While the dryer is convenient, rubbing and tumbling clothes together means abrasions to the fabric which result in small bits of fiber being dislodged.
This fiber, circulated around via warm air movement, gets trapped as lint in a filter. The lint filter after a load or two of clothes can be a patchwork and kaleidoscope of colors and designs. And the lint trap must be cleaned out fairly often lest it clog up the whole works.
Now you have an understanding of the basic premise behind this week’s column. It is bits and pieces of various thoughts, facts and opinions that have rubbed up against one another and must be shared before they clog the creative juices from flowing at all.
Besides I needed to clear off the scraps of notes clogging my desk and collecting in the office as if it were flypaper.
•If “he isn’t” is a valid contraction of “he is not,” and “they aren’t” means “they are not,” what’s wrong, one might ask, with “I amn’t?”
•Humanists maintain that nothing exists in the universe that doesn’t provide some benefit, however minuscule, to mankind; but political commercials, hemorrhoids, and reality(?) TV as possible exceptions.

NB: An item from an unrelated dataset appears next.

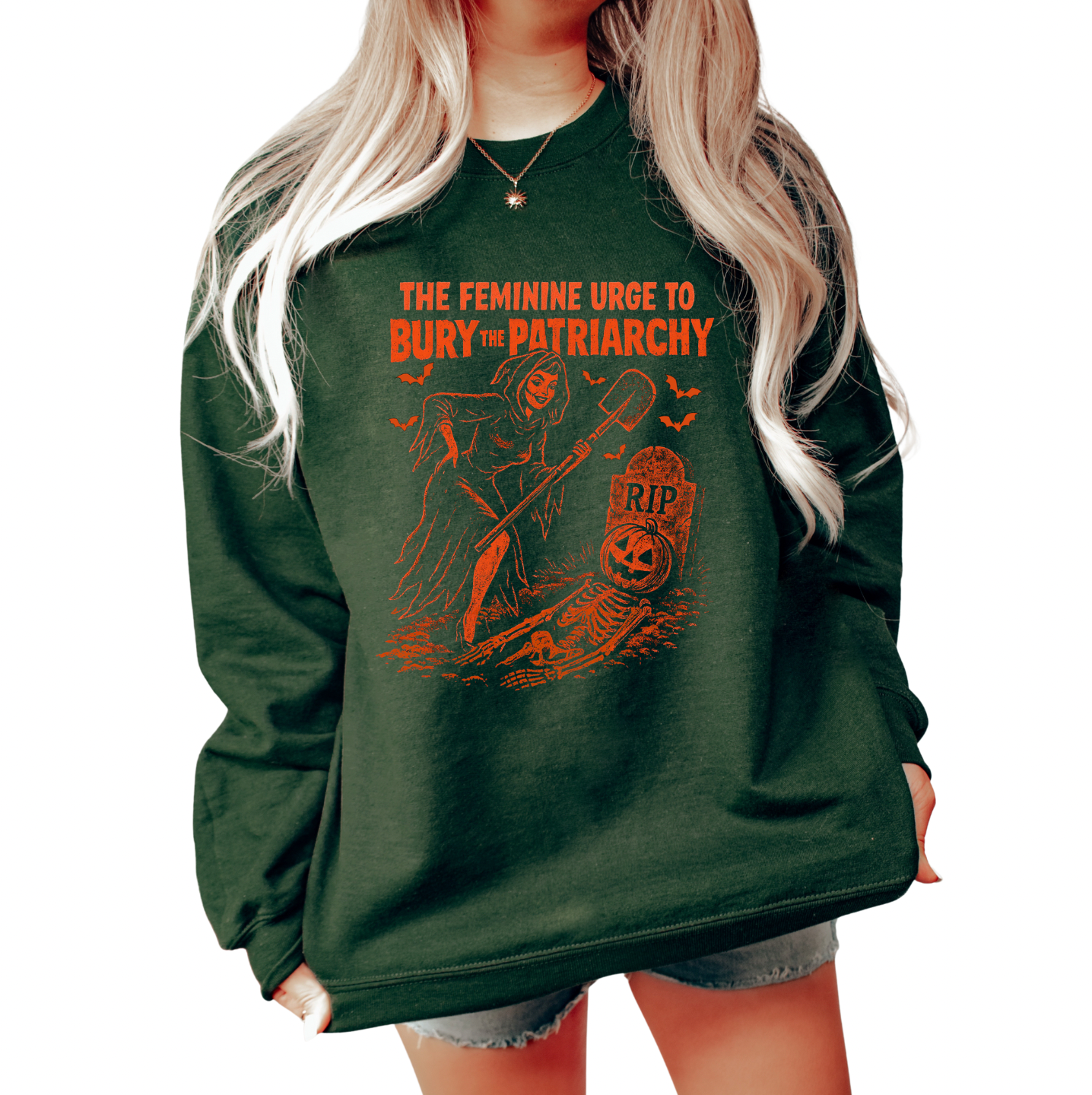 The Feminine Urge To Bury The Patriarchy Unisex Sweatshirt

•Definition of maturity: The ability to cope with anything and everything present and unpleasant in our lives that is impossible for us to either evade or change.

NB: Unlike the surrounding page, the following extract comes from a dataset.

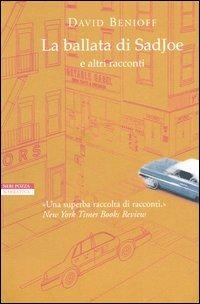 La ballata di Sadjoe e altri racconti - David Benioff - Libro Neri Pozza 2005, I narratori delle tavole | Libraccio.it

•What’s in a name? One of the more effective programs for physical conditioning is a combination of fast and slow running or walking which is called “fartlek” (I kid you not, check it out on Google). It is disappointing that it is not an Olympic event. While many of my running friends may be aware of the conditioning method, they certainly would not fess up to doing it. It seems to have fallen out of both polite conversational favor and the dictionary. But I dare you to try discussing it with a straight face as you explain, “Wow, I am really feeling more healthy since I have started to fartlek.”
•Speaking of names, a peanut isn’t a nut – it’s a legume; a firefly is a beetle, both prairie dogs and guinea pigs are rodents, catgut comes from sheep, and an English horn is neither English nor a horn; it’s an alto oboe from France.
•A prayer for those in despair: “Dear God, you made me what I am. Please help me to become whatever you want me to be.”
•Great quote from the late Arthur Godfrey: “I’m proud to pay taxes in the United States; the only thing is, I could be just as proud for half the money.”
•Never get into an argument with a pig-headed moron. After a brief exchange, people overhearing you will be unable to discern a difference.
•Old age is when almost everything hurts—and what doesn’t hurt doesn’t work nearly as well as it used to assuming it works at all.
•When someone says, “to be perfectly honest with you,” what does that imply about what they have said previously?
•Something I didnπt learn in Mr. Bard’s high school algebra class but betcha didn’t know that 111,111,111 times 111,111,111 = 12,345,678,987,654,321. (Most calculators wonπt register that high so to confirm the answer check the math with a paper and pencil. It’ll be a good mental exercise. I suppose the process could be called a brain fartlek.
That pretty much clears the lint trap.